# Problem statement
Below are records with pictures; copy word for word only the lines between the line with "Title: The Antifraternal" and the line with "lucky slots pro 777", inclusive, and drop the pictures.

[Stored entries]
-------------------------

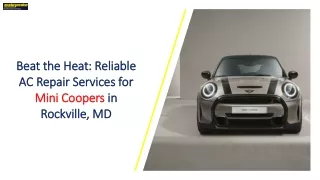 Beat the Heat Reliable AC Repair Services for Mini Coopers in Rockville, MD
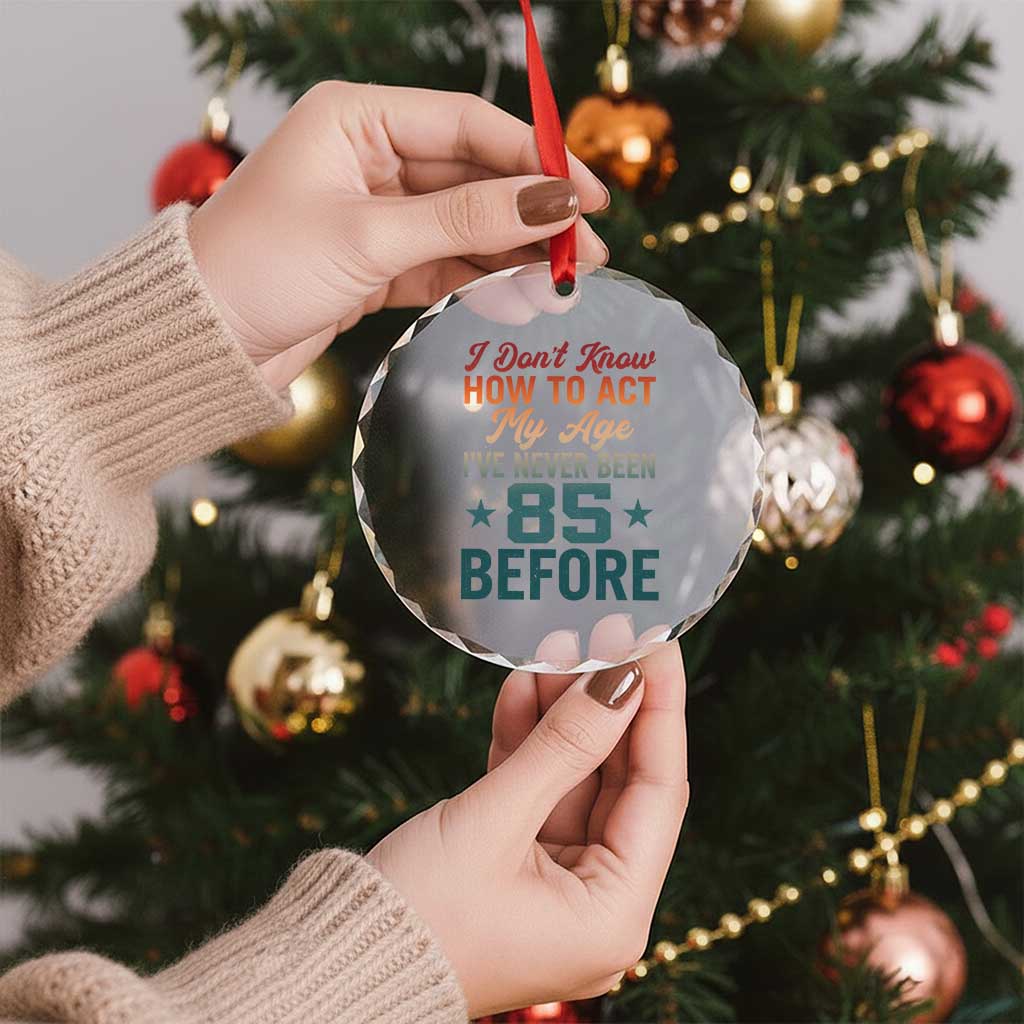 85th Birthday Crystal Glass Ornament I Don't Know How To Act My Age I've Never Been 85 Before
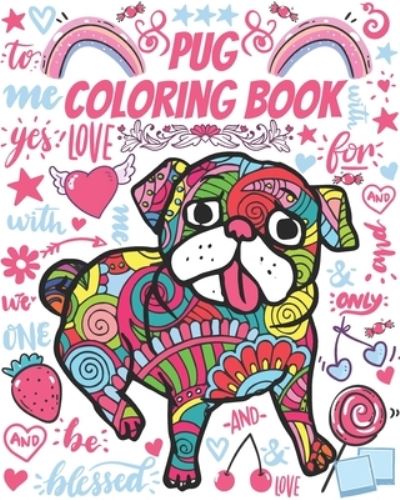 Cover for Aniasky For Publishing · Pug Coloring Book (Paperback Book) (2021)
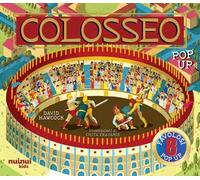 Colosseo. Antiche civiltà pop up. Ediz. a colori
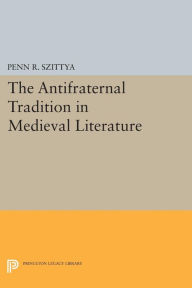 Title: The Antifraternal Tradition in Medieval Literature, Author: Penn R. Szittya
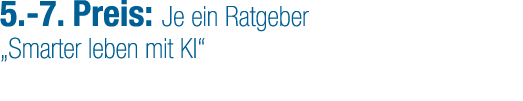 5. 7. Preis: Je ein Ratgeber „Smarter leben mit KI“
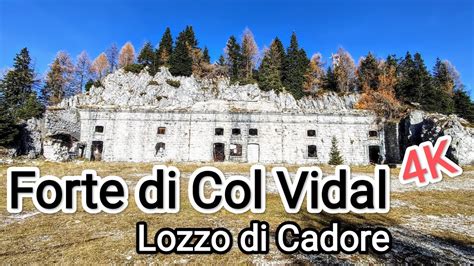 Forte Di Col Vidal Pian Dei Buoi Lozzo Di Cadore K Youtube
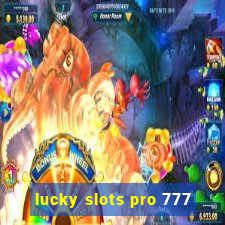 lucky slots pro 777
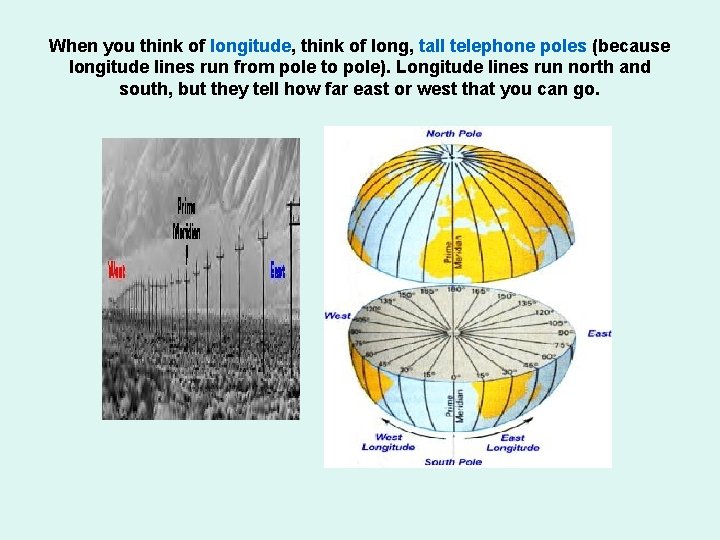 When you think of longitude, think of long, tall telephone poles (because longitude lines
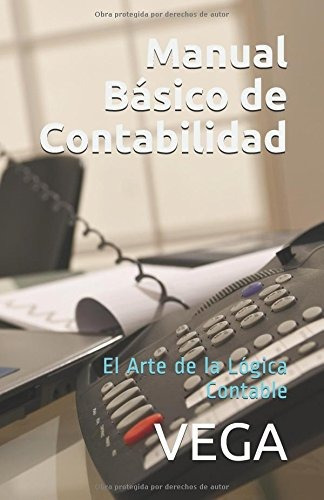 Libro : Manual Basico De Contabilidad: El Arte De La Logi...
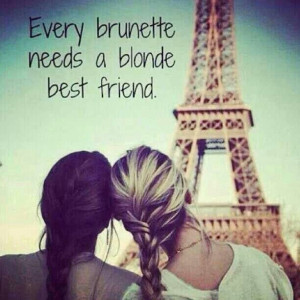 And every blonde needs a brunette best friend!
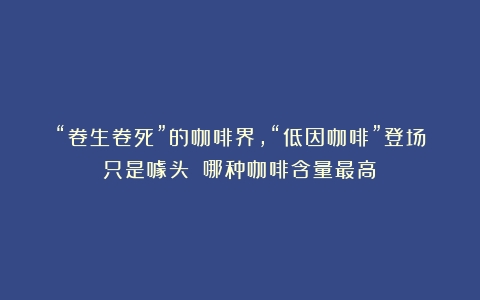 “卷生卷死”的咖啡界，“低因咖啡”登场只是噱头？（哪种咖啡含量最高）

-------------------------

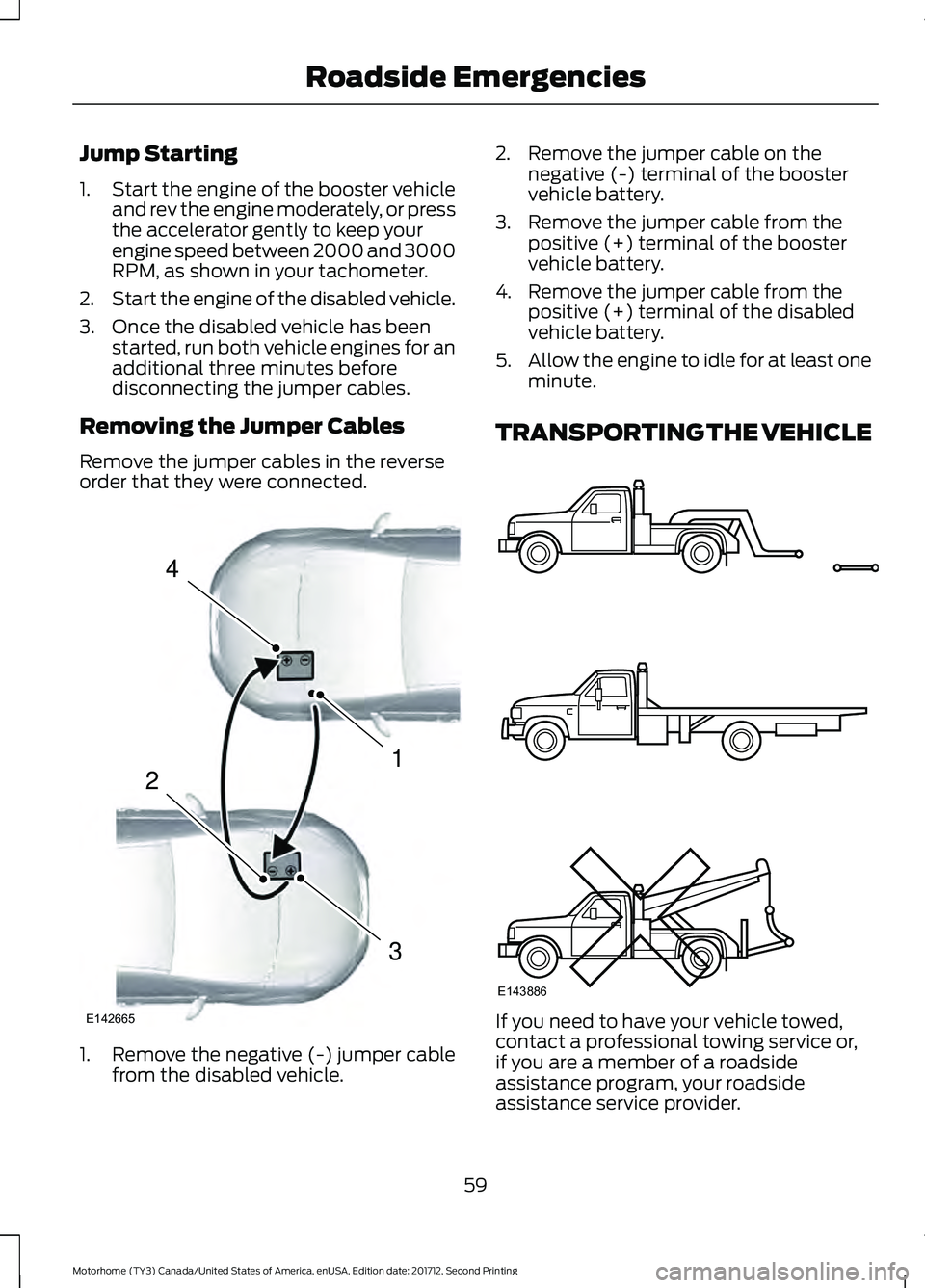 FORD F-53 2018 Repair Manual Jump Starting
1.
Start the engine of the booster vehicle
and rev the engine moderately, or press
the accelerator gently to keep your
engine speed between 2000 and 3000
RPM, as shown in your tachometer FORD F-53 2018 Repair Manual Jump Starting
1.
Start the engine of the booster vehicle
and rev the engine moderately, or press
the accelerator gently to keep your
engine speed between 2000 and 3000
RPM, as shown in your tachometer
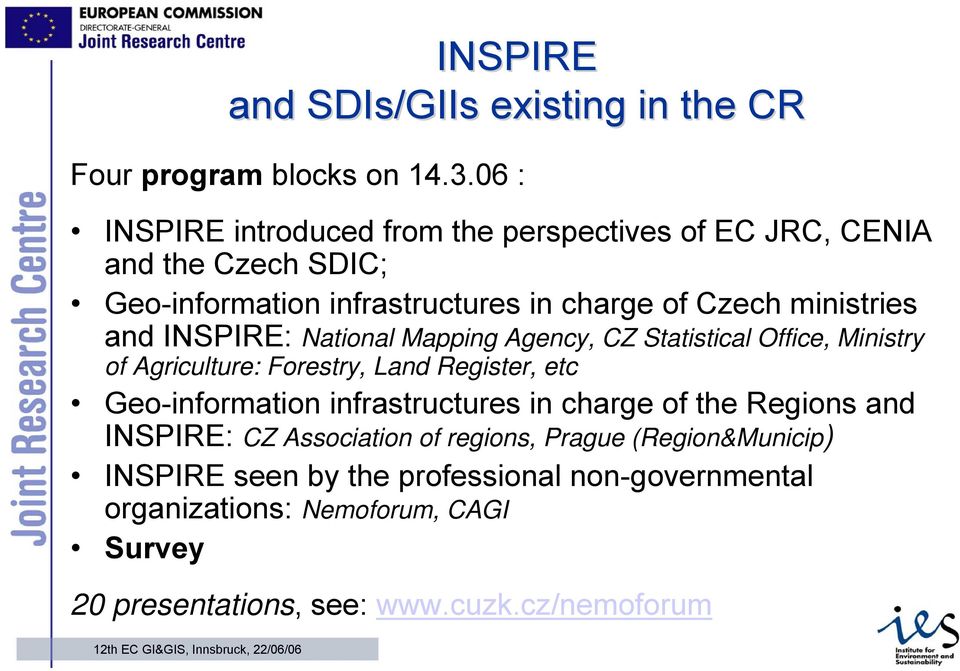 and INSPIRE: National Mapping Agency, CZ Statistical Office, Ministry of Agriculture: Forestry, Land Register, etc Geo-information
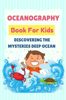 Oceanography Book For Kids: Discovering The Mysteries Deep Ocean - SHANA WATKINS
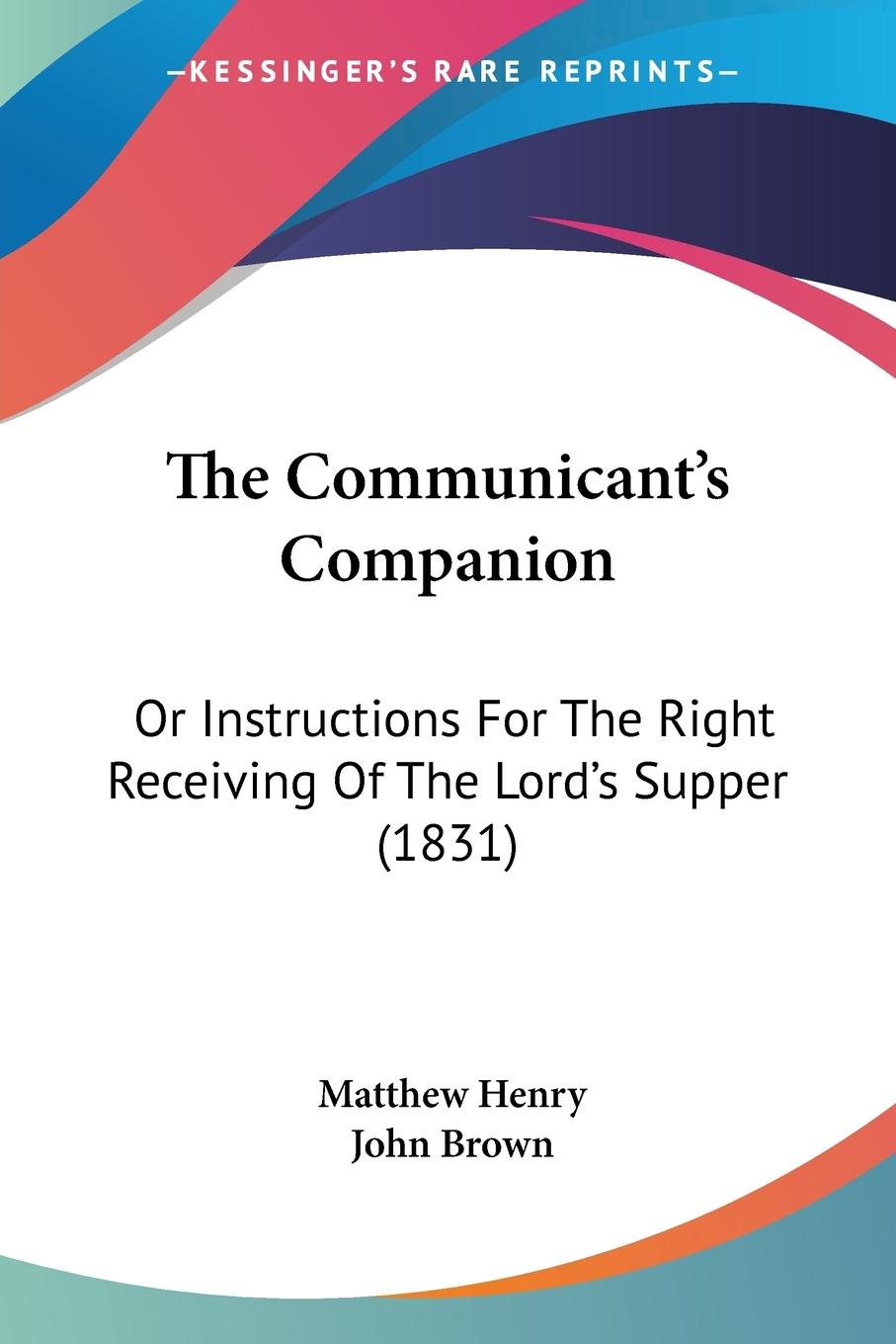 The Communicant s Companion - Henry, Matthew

-------------------------

# Solved problem
 Title: The Antifraternal Tradition in Medieval Literature, Author: Penn R. Szittya
 5. 7. Preis: Je ein Ratgeber „Smarter leben mit KI“
 Forte Di Col Vidal Pian Dei Buoi Lozzo Di Cadore K Youtube
 lucky slots pro 777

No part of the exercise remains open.